FRANKFURT - When Brazil and Argentina take to the field in Frankfurt on Wednesday in the final of the Confederations Cup there will be plenty at stake for both sides.

For one, there is, of course, the title.

Both sides have won the competition once before. In 1992, when the tournament was still held in Saudi Arabia, Argentina lifted the King Fhad Cup as it was called then - after beating the hosts 3-1 in the final.

In 1997, the last time the competition was held in Saudi Arabia, Brazil scored the biggest victory in a final to date, beating Australia 6-0 with Ronaldo and Romario both scoring hat tricks.

Another thing at stake on Wednesday will be pride between these two great South American footballing powers.

They have played against each other 92 times, but the results depend on which statistics one looks at. The Argentinean federation, AFA, count 37 victories for Argentina, 22 draws and 33 defeats, while their Brazilian counterparts record the matches as even, with 33 victories for both countries and 26 draws.

For Brazil, there will also be the added incentive of revenge for an embarrassing defeat in a World Cup qualifier on June 8. A Hernan Crespo brace, as well as a Juan Riquelme goal - with Roberto Carlos scoring for Brazil in the second half - gave Argentina a 3-1 victory.

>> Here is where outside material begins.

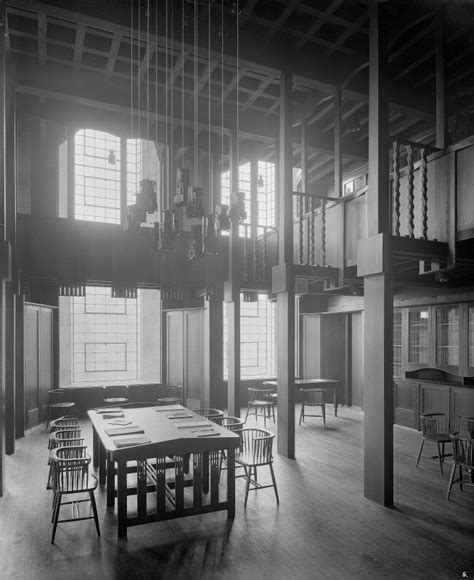 Interior View Of Library Glasgow School Of Art With Ta Glasgow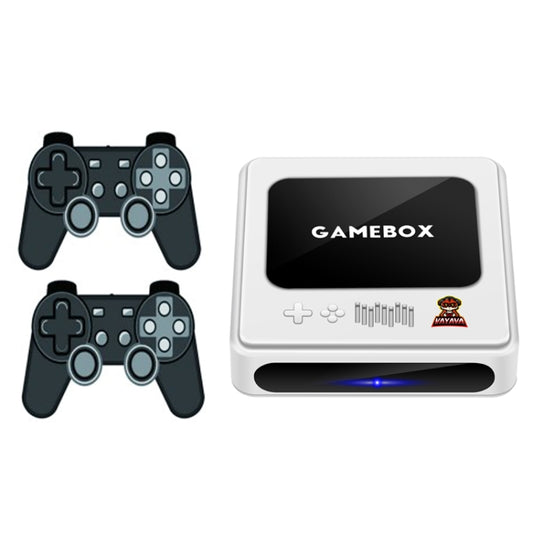 GD10 64G Built-In 30000+ Games Dual System Set-Top Box 3D Home 4K HD  TV Game Console Box EU Plug(White) - Pocket Console by buy2fix | Online Shopping UK | buy2fix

More importantly, it also guaranteed the two-time world champions a place at the finals in Germany next year - the first South American country to have qualified for the showpiece of world football.

But unlike Brazil, who looked impressive in their 3-2 victory against Germany in the semi-finals, Argentina looked sluggish during their penalty shoot-out win against Mexico, which is something that coach Jose Pekerman readily admits to.

"We did not look good at all, especially in the first half. I am pleased though that my young team was willing to work hard and come back in the second half and in extra time and then we had the little bit of luck that you need during the penalty shoot-out."

He added that he did not think the twin facts that his team needed 120 minutes against Mexico and had a day's less rest would give the Brazilians an advantage. "My team is very young, but they are very motivated and they will find the strength to play in the final against Brazil."

Pekerman's Brazilian counterpart, Carlos Alberto Parreira seems much more concerned about his players' condition. "In some of our matches you could see that some of the players are very tired from the long season."

The coach, who took the Selecao to World Cup honours in 1994, has said throughout the tournament that he will choose his team based on the emotional and physical fitness of his players.

"This can mean that some of the players who are regulars in the side do not play," he said.

Definitely missing for Argentina is forward Javier Saviola, who was red-carded in the semi-final against Mexico after kicking out at Gonzalo Pineda.

Saviola is not the only Brazilian and Argentinean star player who will not be appearing in the final as both sides have brought a somewhat weakened squad to the Confederations Cup.

Five Argentinean players who started in the World Cup qualifier against Brazil, including Roberto Ayala and Hernan Crespo, are not in the Confederations Cup squad.

On the Brazilian side, Roberto Carlos has also not made the trip to Germany. Another player missing in Germany is Real Madrid's Ronaldo, who was scrapped from the squad for the World Cup qualifier and the Confederations Cup after announcing that he preferred a lengthy holiday to playing in the Confederations Cup.